Salman offers to call his father and resolve the issue right there, on the condition that they help him elope with Sahiba again. Reghu and gang grudgingly agree and arrange to spring Sahiba from her home. Salman honours his part of the agreement, assuring Samad that Reghu and gang were innocent of his abduction. On reaching Thiruvananthapuram, Reghu takes Salman to make him apologize to Pinku, but Pinku is visibly confused on seeing Salman. Pinku reveals that it was Salman's 10-year-old brother who had beaten him up. He had been indicating the kid who was in the background of the photo on Salman's phone. The gang realizes the whole trip was a misadventure, where an irate Reghu beats them up before leaving home with his mother.

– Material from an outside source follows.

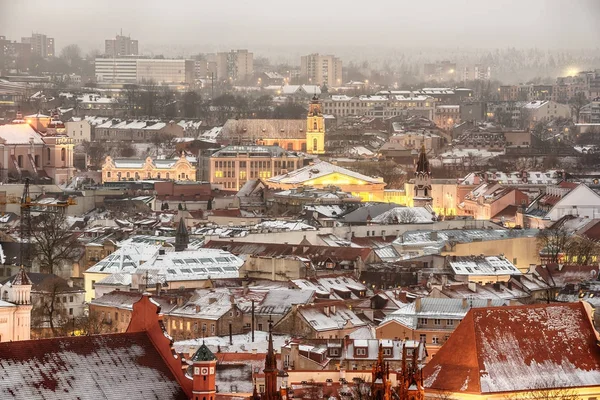 Vilna, Lituania: vista aérea del casco antiguo en invierno — Foto de Stock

In a mid-credits scene, Senan and gang arrive at Reghu's house to apologise, but are interrupted when Britto offers a gift, having kidnapped Salman again.

==Cast==
- Biju Menon as Chengal Reghu
- Rahul Dev as Mangalapuram Samad
- Ravi Singh as Ramdev [RD]
- Dileesh Pothan as Senan
- Saiju Kurup as Sreekuttan
- Sudhi Koppa as Renju
- Basil Joseph as Pinku
- Suresh Krishna as Baba
- Hareesh Kanaran as Kasargode Ratheesh
- Anu Sithara as Meera
- Ganapathi S Poduval as Dulquer Salman
- Aima Rosmy Sebastian as Sahiba
- Sethu Lakshmi as Lalithakkan
- Lijo Jose Pellissery as 'Chavakkad' Britto
- Kochu Preman as Ponnappan Sir
- Pradeep Kottayam
- Neha Saxena in cameo appearance as wedding guest

==Production==
The title Padayottam was taken from the 1982 Malayalam film of the same name. The title's permission was granted by its production house and filmmaker Jijo Punnoose.

==Music==
The film score was composed and arranged by Prashant Pillai, song lyrics were written by Hari Narayanan.

==Release==
Padayottam was released in India on 14 September 2018.

== Reception ==
A review on SilverScreen India praised the cast, but acknowledged "a partially incoherent story-line" of the film.